Problem to solve. In the records below, find the line with "This vehicle has", then retype it and every following line exactly, stopping after the line with "Our flashcards are". Leave the pictures out.

[Dataset entries]

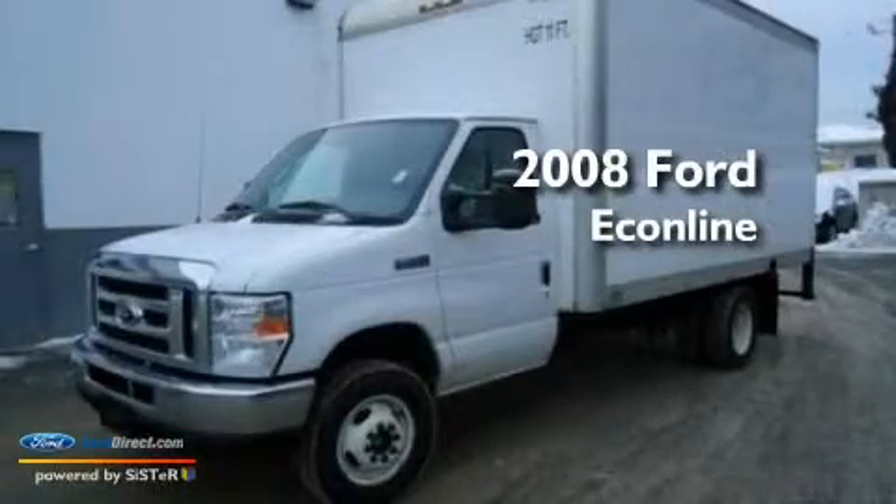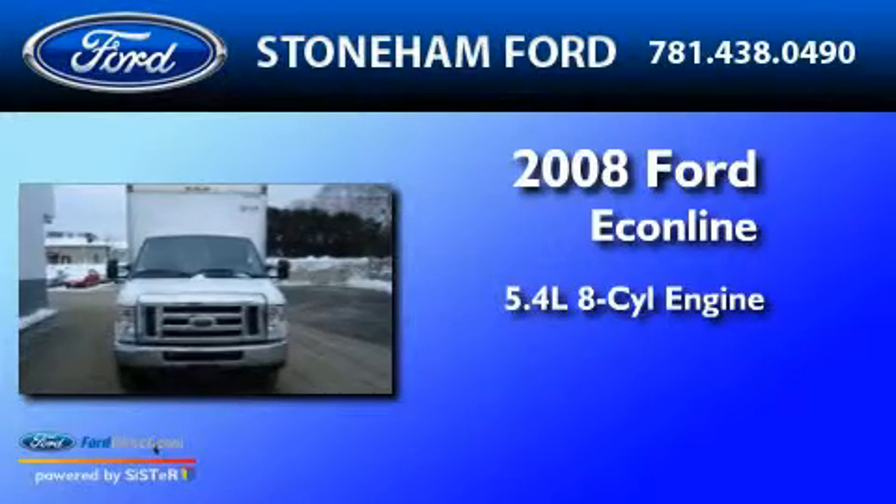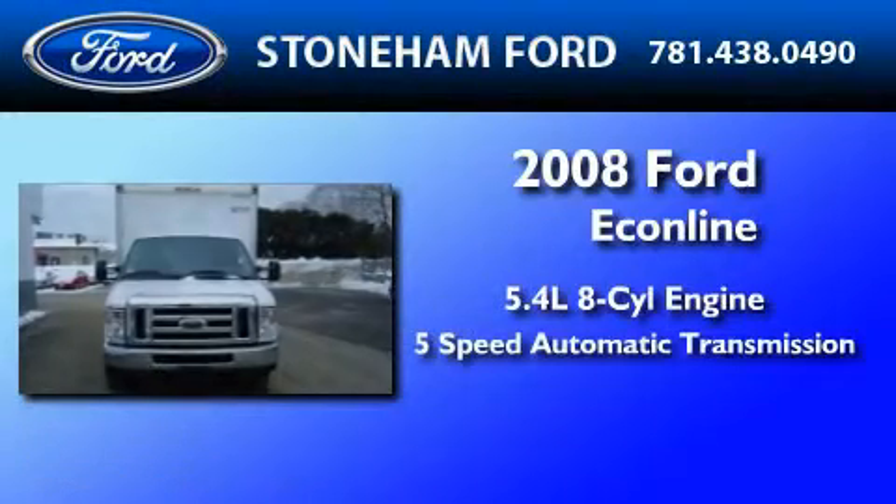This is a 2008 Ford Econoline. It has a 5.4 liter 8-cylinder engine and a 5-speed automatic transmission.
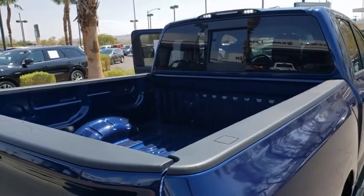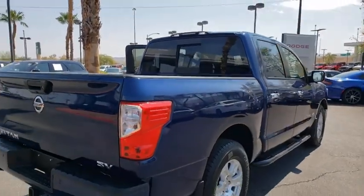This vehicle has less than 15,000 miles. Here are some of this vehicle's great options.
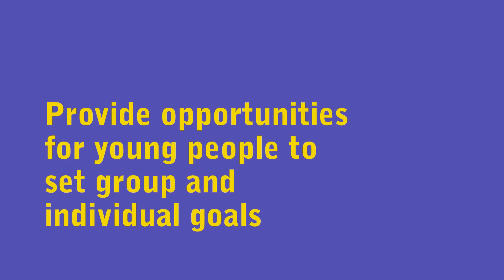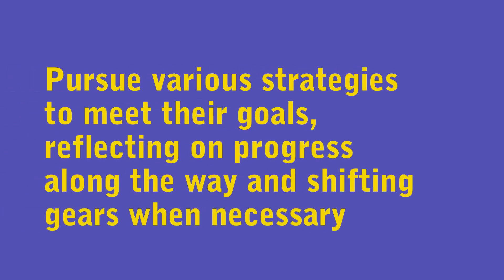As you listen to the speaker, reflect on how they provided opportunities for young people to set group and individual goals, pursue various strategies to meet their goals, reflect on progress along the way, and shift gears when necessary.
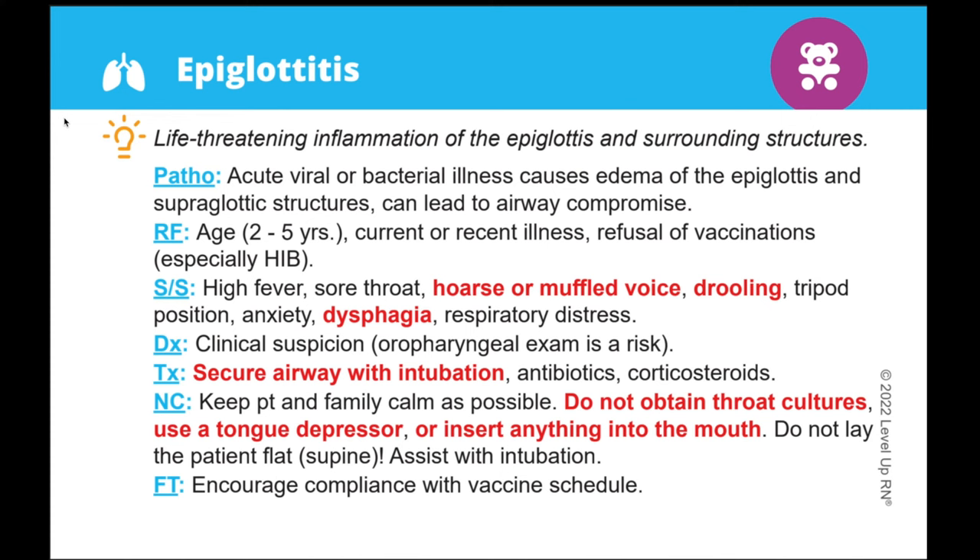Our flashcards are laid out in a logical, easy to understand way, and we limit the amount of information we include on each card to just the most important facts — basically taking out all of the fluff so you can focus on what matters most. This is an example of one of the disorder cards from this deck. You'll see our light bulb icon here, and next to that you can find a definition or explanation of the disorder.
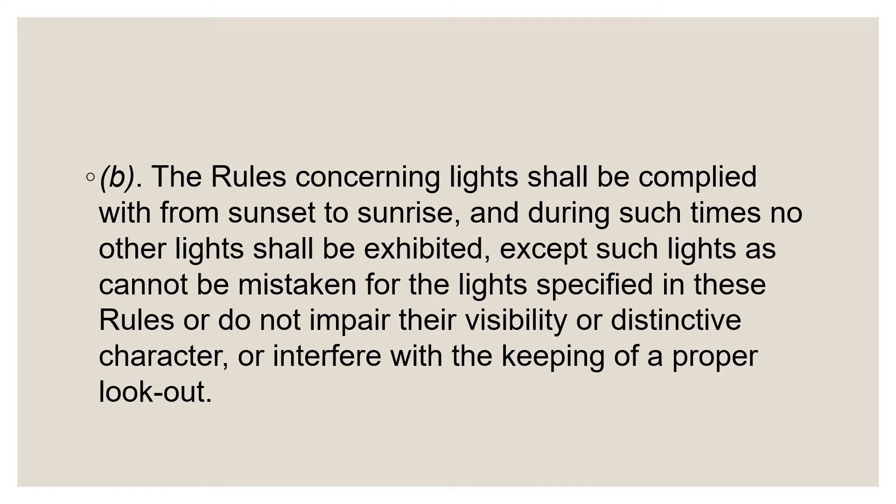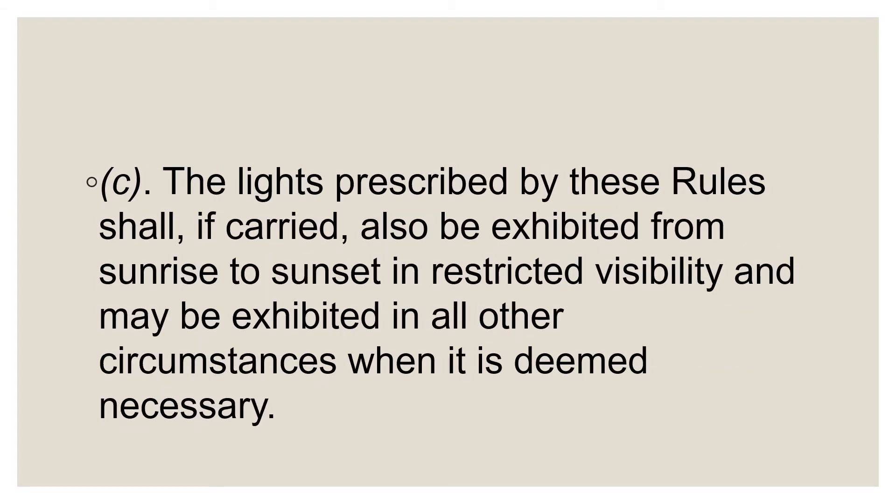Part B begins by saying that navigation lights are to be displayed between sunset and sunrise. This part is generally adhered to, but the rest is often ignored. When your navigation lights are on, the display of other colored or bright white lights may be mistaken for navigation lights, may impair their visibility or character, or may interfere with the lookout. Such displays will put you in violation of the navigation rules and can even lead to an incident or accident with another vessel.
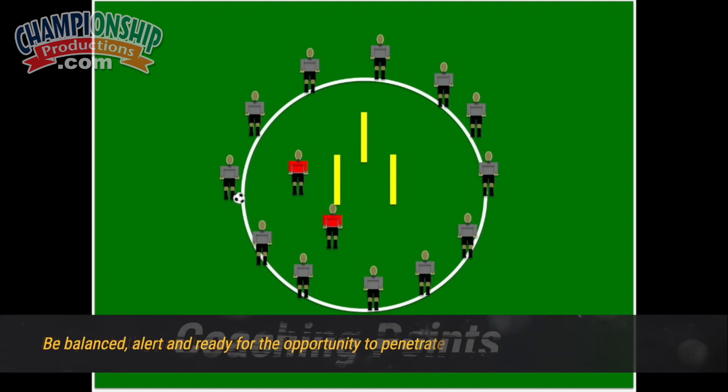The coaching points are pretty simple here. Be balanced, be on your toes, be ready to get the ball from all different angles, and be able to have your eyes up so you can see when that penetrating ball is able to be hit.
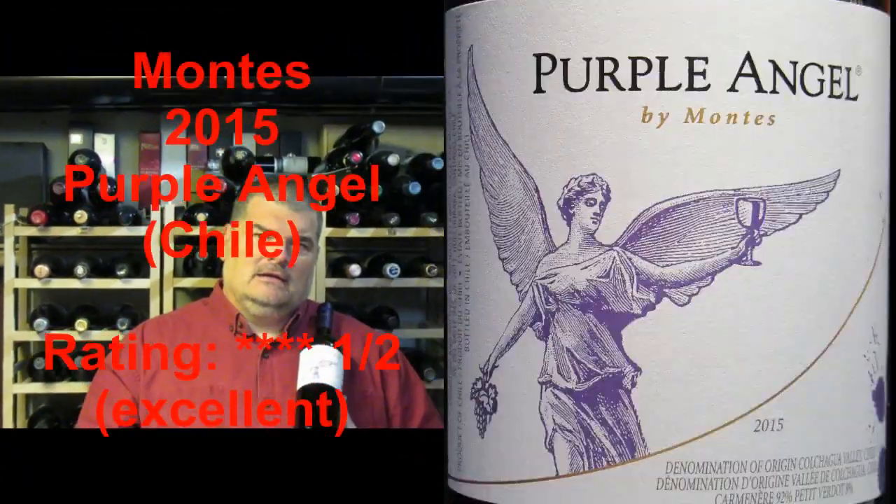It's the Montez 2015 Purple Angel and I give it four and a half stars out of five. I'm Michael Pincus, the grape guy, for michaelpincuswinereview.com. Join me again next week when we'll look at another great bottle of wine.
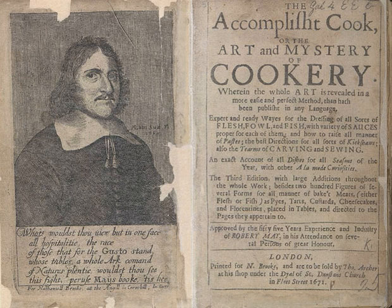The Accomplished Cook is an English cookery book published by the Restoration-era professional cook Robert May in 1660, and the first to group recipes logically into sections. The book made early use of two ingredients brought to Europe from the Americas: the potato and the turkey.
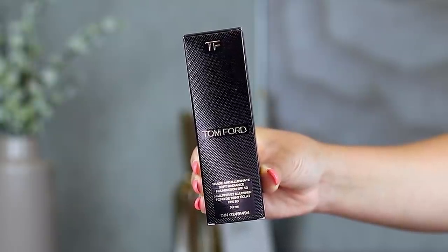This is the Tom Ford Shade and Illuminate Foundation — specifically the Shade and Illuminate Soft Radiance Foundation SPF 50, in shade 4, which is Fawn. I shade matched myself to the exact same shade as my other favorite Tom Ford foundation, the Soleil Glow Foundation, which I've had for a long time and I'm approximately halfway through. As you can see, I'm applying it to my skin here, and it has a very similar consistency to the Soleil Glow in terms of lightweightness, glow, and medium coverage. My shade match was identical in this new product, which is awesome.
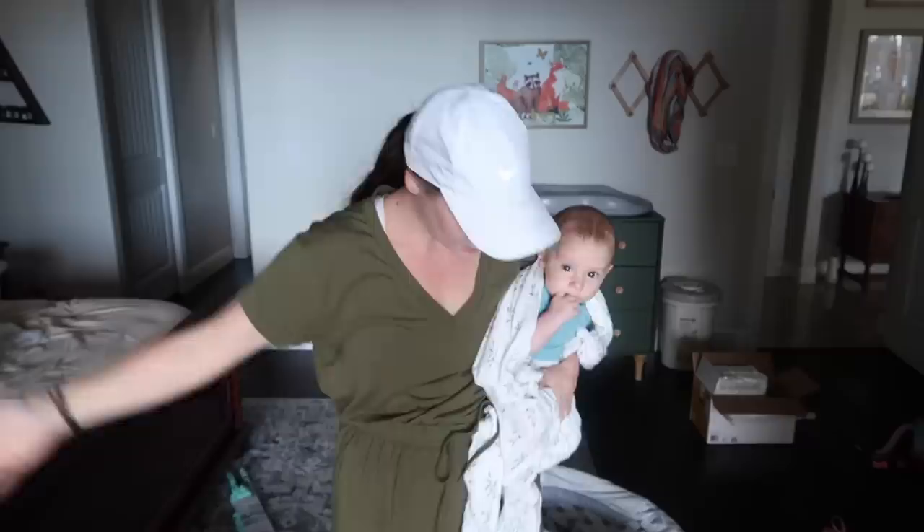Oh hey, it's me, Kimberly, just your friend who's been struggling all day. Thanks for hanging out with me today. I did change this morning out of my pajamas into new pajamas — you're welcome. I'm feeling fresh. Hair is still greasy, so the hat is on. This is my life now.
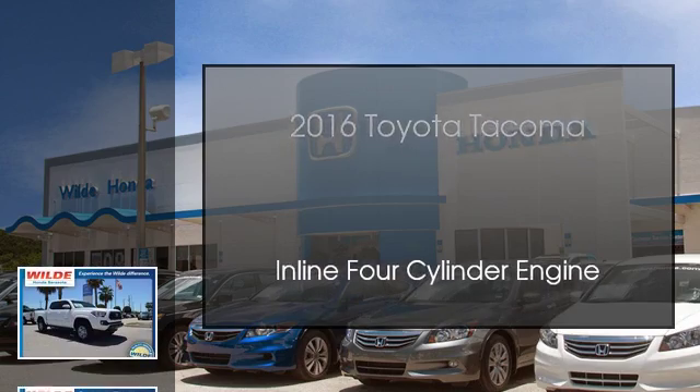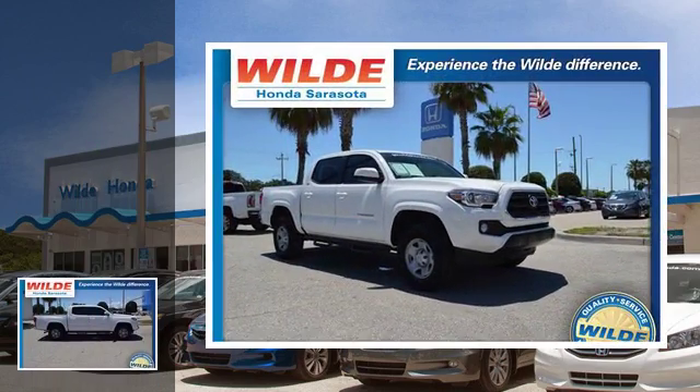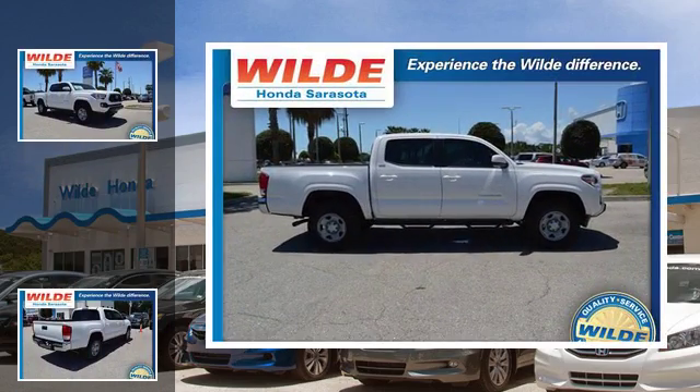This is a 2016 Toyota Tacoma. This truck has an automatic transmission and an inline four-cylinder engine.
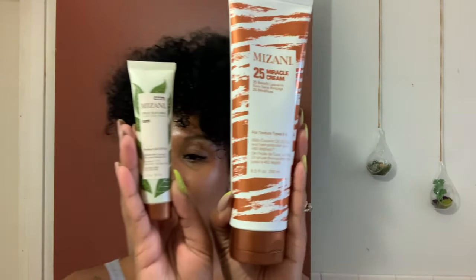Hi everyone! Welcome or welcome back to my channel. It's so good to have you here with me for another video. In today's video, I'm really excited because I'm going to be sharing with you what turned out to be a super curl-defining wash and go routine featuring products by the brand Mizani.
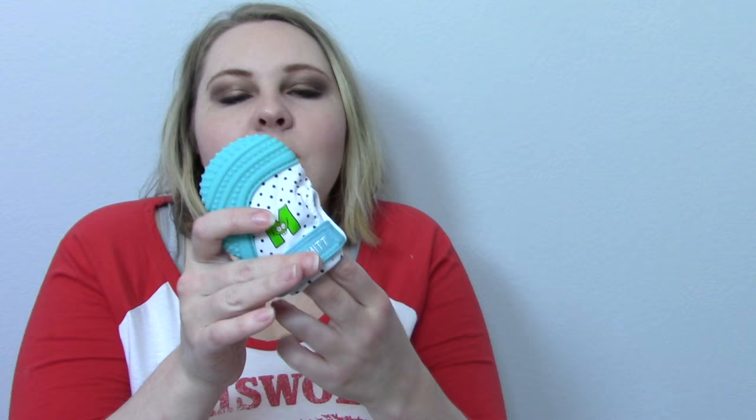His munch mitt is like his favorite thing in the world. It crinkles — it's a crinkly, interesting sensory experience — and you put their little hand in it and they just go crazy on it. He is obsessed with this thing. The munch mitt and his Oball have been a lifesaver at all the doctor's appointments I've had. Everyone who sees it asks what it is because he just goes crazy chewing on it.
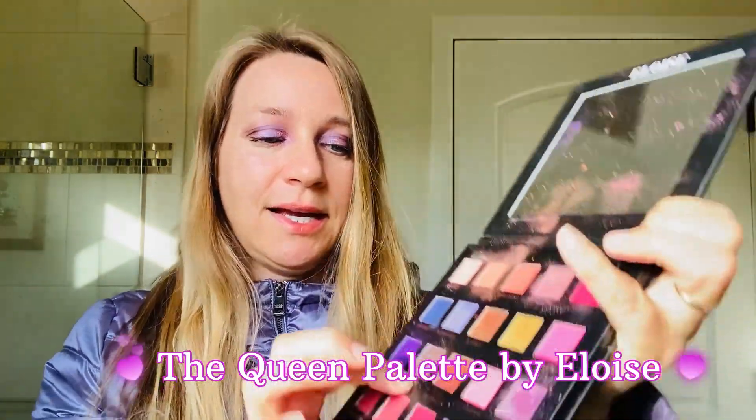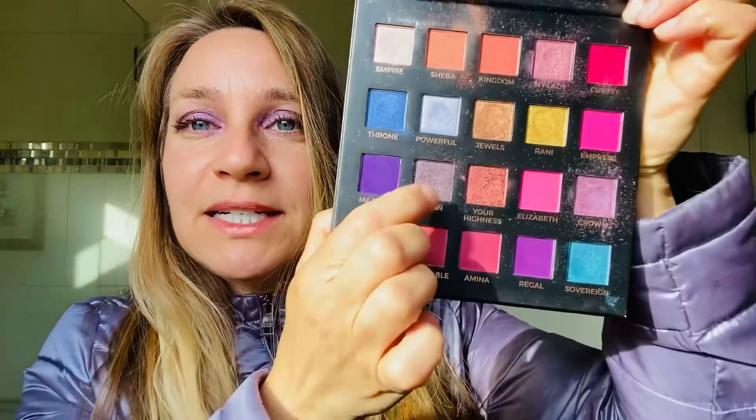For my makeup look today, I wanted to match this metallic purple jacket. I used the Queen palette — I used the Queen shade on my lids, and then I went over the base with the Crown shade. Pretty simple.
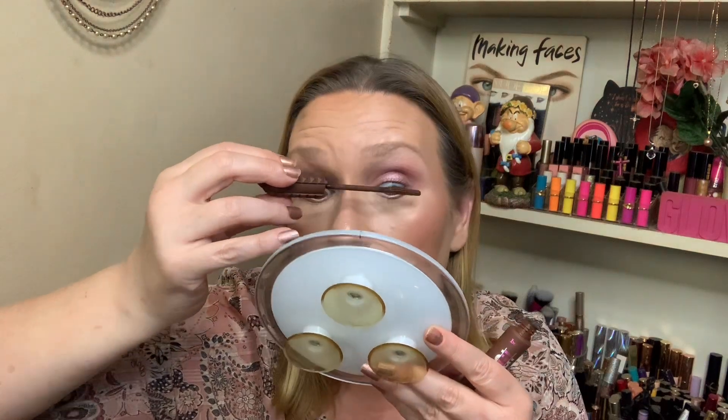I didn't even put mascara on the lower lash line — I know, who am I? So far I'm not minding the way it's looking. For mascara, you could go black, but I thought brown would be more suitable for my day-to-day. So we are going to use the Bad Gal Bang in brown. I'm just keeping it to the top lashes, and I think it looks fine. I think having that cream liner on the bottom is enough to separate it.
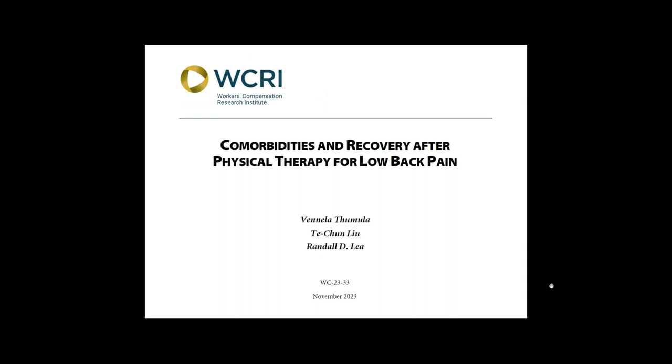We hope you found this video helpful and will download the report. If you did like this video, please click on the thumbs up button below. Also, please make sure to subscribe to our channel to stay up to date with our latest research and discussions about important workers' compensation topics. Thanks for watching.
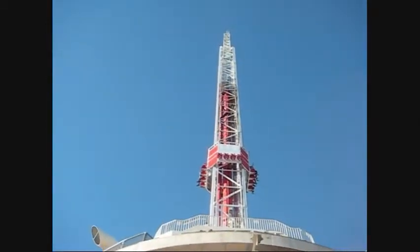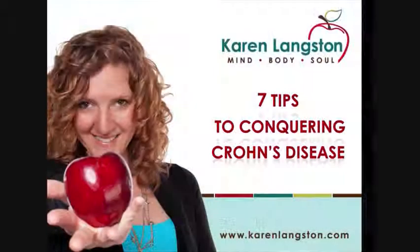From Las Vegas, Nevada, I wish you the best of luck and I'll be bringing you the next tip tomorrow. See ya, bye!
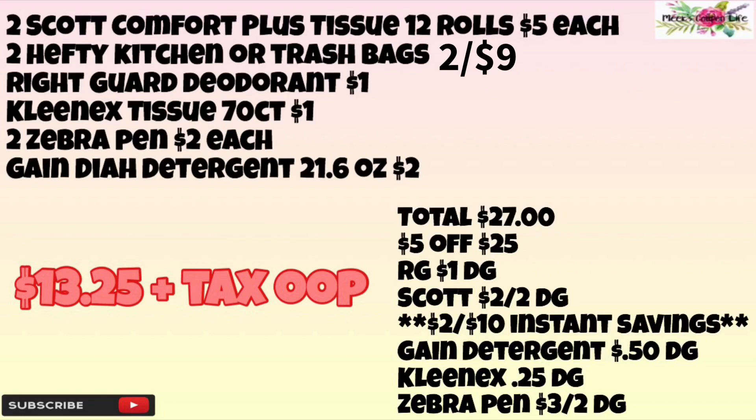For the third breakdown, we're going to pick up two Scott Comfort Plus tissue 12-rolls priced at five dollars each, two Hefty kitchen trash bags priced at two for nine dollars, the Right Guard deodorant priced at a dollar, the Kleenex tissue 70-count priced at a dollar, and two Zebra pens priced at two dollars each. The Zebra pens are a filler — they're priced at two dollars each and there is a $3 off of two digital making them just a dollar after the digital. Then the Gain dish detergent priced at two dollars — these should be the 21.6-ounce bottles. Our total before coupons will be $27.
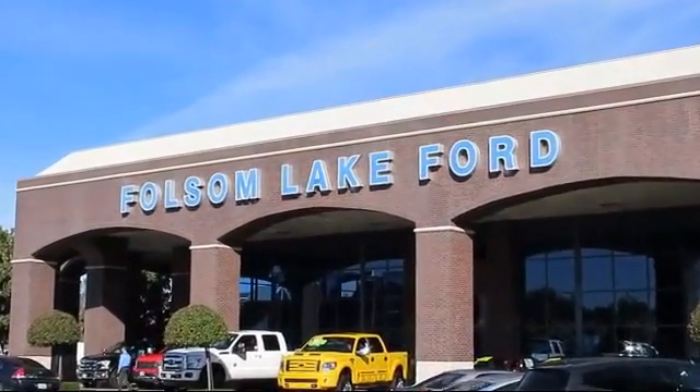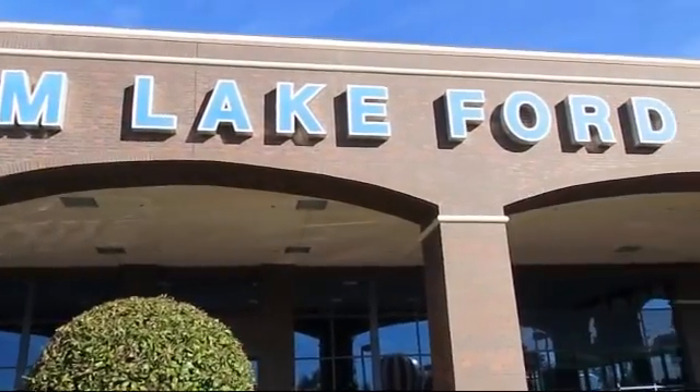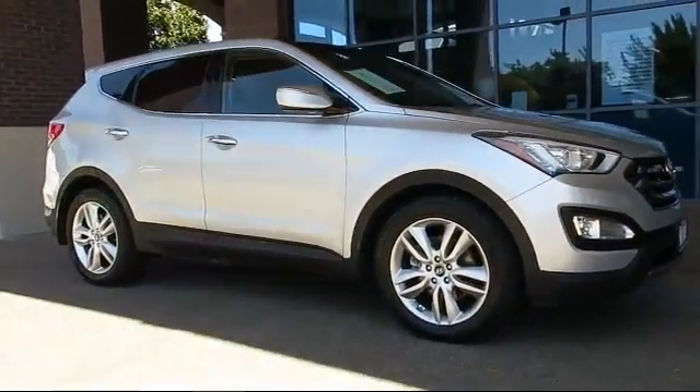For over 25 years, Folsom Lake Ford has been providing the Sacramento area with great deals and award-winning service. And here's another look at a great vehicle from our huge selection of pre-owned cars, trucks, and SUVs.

Your solution.
This vehicle has less than 15,000 miles. Here are some of this vehicle's great options.
As you listen to the speaker, reflect on how they provided opportunities for young people to set group and individual goals, pursue various strategies to meet their goals, reflect on progress along the way, and shift gears when necessary.
Our flashcards are laid out in a logical, easy to understand way, and we limit the amount of information we include on each card to just the most important facts — basically taking out all of the fluff so you can focus on what matters most. This is an example of one of the disorder cards from this deck. You'll see our light bulb icon here, and next to that you can find a definition or explanation of the disorder.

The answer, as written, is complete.